Many women receive smaller paychecks than men because they enter low-paying occupations and hold lower-ranking jobs within their field.
Even when men and women do the same type of work, women earn much less than their male counterparts.
Many occupations are clearly "sex-typed", that is, they are considered either men's job or women's job.
A ‘glass ceiling’ is an unofficial barrier to an upper management or such prominent position within a company or other organization which women are perceived to be unable to cross.
Some hopeful signs: • a slow but steady decrease in occupational segregation since the 1960s, and many women have managed to breach the walls that kept them out of better-paying "men's jobs".
IV. Political Power • The U.S. has never had a female head of state. • In 1993, only 7% of the members of the U.S. Senate and 11% of the House were women.
No woman has ever held a key position of power in the U.S. Congress, and women are still largely locked out of the inner circles of power in the White House.

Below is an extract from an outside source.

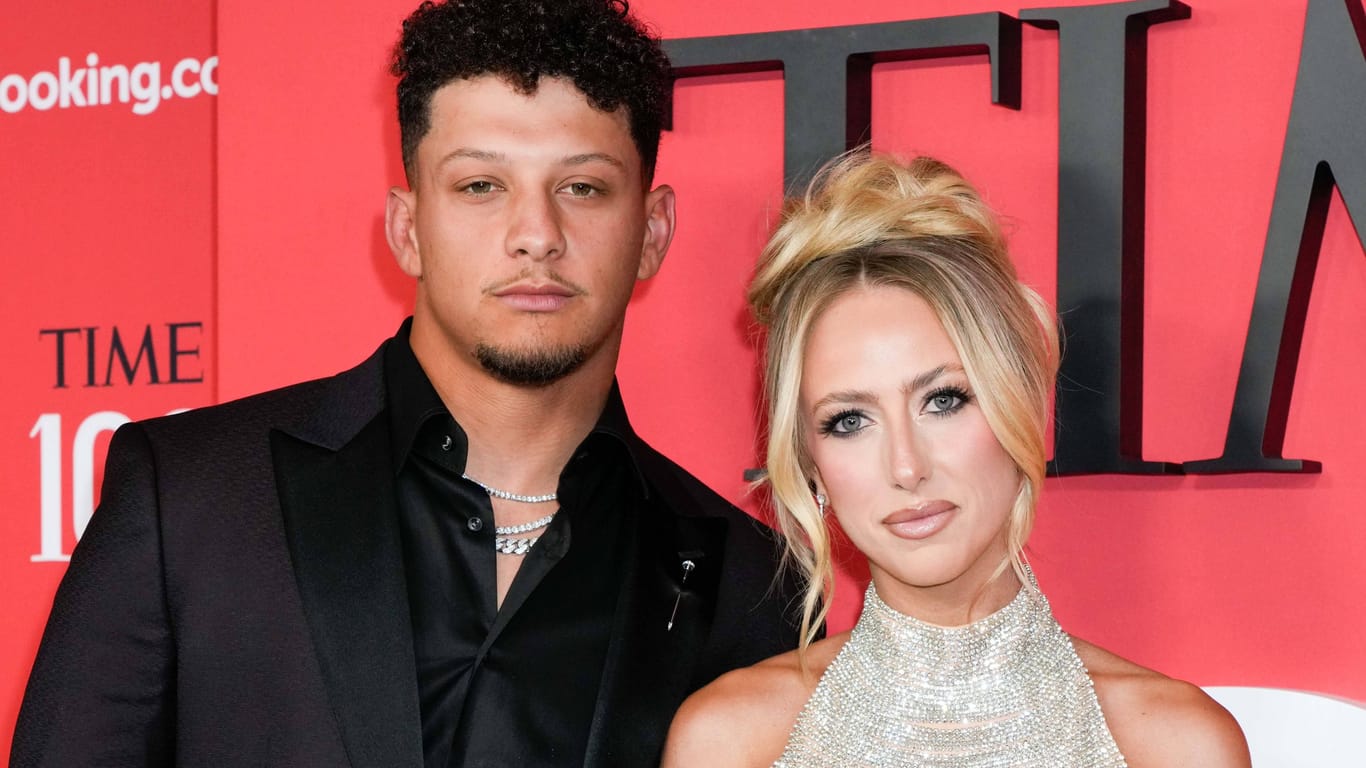 Patrick Mahomes (l.) und seine Frau Brittany: Letztere likte ein Post von Trump.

In the judicial branch, only two women in the history of the U.S. have ever been on the Supreme Court.
V. Social Life 1. The Devaluation of Women • Women are considered as second-class citizens. They are pictured as emotional, unstable, and unable to direct their own lives.

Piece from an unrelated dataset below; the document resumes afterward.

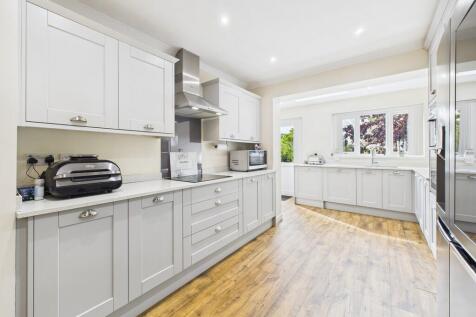 CAM05068G0-PR0046...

Women are expected to repress their desires and ambitions in ways that are seldom demanded of men. It is usually the wife who must sacrifice her career if it interferes with that of her spouse.
Women are expected to repress their sexuality in the same way as they are expected to repress their career ambitions. During the Victorian era women's sexuality was almost totally denied.

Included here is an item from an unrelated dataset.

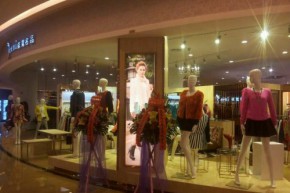 依霓时尚品牌女装店铺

2. Language and Communication • The inequality of calling the human race "mankind" or of always using the masculine pronoun to refer to someone whose gender is unknown.
Words associated with men tend to take on connotations of strength and power, while words associated with women are more likely to be linked with sex or family.
male dominance in the conversation: women's conversation tend to have a more cooperative, social character, while men are likely to be more competitive and individualistic.
In non-verbal communications, a man is more likely to invade a woman's personal space by touching her and standing close, than the other way around.
3. Sexual Harassment • Sexual harassment includes everything from unwanted sexual comments and gestures to direct physical assaults. • Two types of sexual harassment:
sexual comments and advances aimed directly at a particular individual. It involves an implicit and explicit threat, such as loss of a job, or a reward, such as a better grade, if the victim goes along.
hostile environment harassment. This offence involves unwelcome sexual comments, gestures, explicit photographs, and other things that create an offensive or intimidating environment for female employees.
VI. Some Laws to Protect Women against Workplace Discrimination 1. Title VII of the Civil Rights Act
In 1964, this Act was passed. This is the strongest piece of federal legislation protecting women's rights against discrimination in the workplace.
It is illegal for any employer to fail or refuse to hire or to discharge any individual, to discriminate against any individual regarding his compensation, terms, conditions, or privileges of employment, because of his race, color, religion, sex, or national origin.
An employer must not limit, segregate, or classify his employees for employment in any way which would deprive any individual of employment opportunities, or affect his status as an employee, because of his race, color, religion, sex, or national origin.
2.Affirmative Action • In 1964, President Lyndon Johnson signed Executive Order 11246 in an effort to increase employment and educational opportunities for women and minorities.
The term "affirmative action" was coined when the order mandated that employers of specified size who do business with the federal government or receive federal funds actively seek to include women and minorities when hiring for jobs.